Drie dagen in het leven van een meticuleus
ordelijk man, die voor alles een plaats heeft, althans op zijn tafel, in de
openbaarheid. Zijn bureaulade is lang niet zo ordelijk, net zoals zijn
gevoelsleven een buiten- en een binnenkant heeft. In zijn dagboek verwerkt hij
zijn niet te realiseren aanrakingen. Zijn zoon en broer hebben minder moeite
zich uit te leven. Het publiceren van zijn dagboeken of het schrijven met het
oog op publicatie, komt ook aan bod in deze novelle, omdat Britta Böhler er
zich in heeft verdiept. De angst dat zijn oudere dagboeken die in München waren
achtergebleven beneemt hem zijn slaap, maar ook het verlies van het huis in de
stad, die Hitler al eerder van hem had gestolen – en van de anderen – om
vervolgens ook Duitsland in de wacht te slepen als een prooi. Voor Thomas Mann
was het verlies van die oude wereld, zijn huis ook aan de Duitse Haf, zijn
leefwereld lange tijd onoverkomelijk. Hij kon niet met zijn Ausbürgerung – om
die term uit de DDR-tijd anachronistisch te hanteren – om. Hij vervloekte zijn
lezingentour door Europa en vakantie in Aroso, want plots kon hij niet meer
terug.
Het boek dat hij schreef tijdens WO I, Betrachtungen
eines Unpolitischen, noemt hij zijn meest overbodige boek. Daarin gaat hij de
strijd aan met zijn broer en allen die het tegen de Deutsche Kultur opnemen en
verzet hij zich tegen de geest der decadentie. Het is later door zijn dochter
opnieuw verzorgd en uitgegeven, ook in het Frans, de versie die ik heb. Het
boek mag dan overbodig zijn, het is misschien het meest verhelderende verslag
van wat er in het Duitse Burgertum aan de hand is geweest. Dat Mann, doktor in
Frankfurt am Main en in Harvard, de Tovenaar, zich op zijn Duits zijn beriep om
zich tegen de Nazibende te verzetten, na de machtsgreep van 1933, mag ons niet
ontgaan.
De verering voor Wagner, maar ook de groeiende
afkeer van het denken van de meester maakt zich geleidelijk van hem meester, zo
beschrijft de auteur dit proces hier als een licht dat hem pas na
het schrijven van de brief komt dagen, leidt tot de gedachte dat hij een
Vertegenwoordiger zal zijn van Duitsland en Duitsland met zich zal meedragen.

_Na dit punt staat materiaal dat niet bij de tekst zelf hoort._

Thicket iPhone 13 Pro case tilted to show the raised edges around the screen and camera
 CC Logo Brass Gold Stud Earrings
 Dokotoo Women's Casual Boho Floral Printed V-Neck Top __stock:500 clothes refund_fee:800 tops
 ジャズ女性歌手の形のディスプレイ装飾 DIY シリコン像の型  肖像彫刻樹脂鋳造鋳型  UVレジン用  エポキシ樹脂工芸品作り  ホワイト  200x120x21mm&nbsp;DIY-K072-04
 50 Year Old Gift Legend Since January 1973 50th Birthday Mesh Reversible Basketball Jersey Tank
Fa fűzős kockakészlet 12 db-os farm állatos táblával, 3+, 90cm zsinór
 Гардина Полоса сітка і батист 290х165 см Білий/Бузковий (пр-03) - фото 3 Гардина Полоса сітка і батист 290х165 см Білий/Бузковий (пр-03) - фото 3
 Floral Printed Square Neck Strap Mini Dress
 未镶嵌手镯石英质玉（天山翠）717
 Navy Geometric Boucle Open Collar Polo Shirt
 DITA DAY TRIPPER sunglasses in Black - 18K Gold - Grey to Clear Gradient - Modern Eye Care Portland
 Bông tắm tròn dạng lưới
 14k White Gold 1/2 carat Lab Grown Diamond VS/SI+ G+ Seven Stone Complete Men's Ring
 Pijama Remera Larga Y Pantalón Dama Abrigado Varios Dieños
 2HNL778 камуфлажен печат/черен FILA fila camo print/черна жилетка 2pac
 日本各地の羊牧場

De tekst van/voor Erika Mann speelt hierbij
een rol..
Ethiek en Esthetiek zijn volgens Wittgenstein
één… maar waar leidt dat toe? Laten we zeggen dat men voor het gemak van het
denken het schone en het goede van elkaar heeft onderscheiden. Voor Mann, en
voor Böhler lijkt het besef van Wittgenstein niet geheel hetzelfde te
betekenen, maar zelf heb ik de betekenis ervan nog niet geheel doordacht, of
liever, telkens als de gedachte mijn pad kruist, blijf ik haken. In dit boek
krijgen we bovendien de verwijzing naar Thomas Mann’s heimelijke homo-erotische
neigingen expliciet aangedragen, spreekt hij over Der Tod in Venedig en tegelijk
zorgt hij ervoor dat niemand die schuldige gedachten in het vizier krijgt en
uiteraard niet de nazibende.
Maar Claus, zijn zoon zal zich aan al dat
voorbehoud niet storen en zich volop in het leven gooien van drugs en
homovriendjes. Thomas Mann doet aan zelfzorg, om het met Michel Foucault te
zeggen en probeert een ordelijk en keurig leven te leiden, met alle hypocrisie
– achteraf bezien – van dien. En toch denk ik dat zijn houding, waarbij hij
zijn ethische boekhouding, zijn bijhouden van gedachten en visies die het
daglicht niet hoeven te zien hem net toelaten andere facetten van zijn kunst
voorrang te geven, meticuleus, dat moet
gezegd. Maar dat geeft hem een kleinburgerlijk aanschijn.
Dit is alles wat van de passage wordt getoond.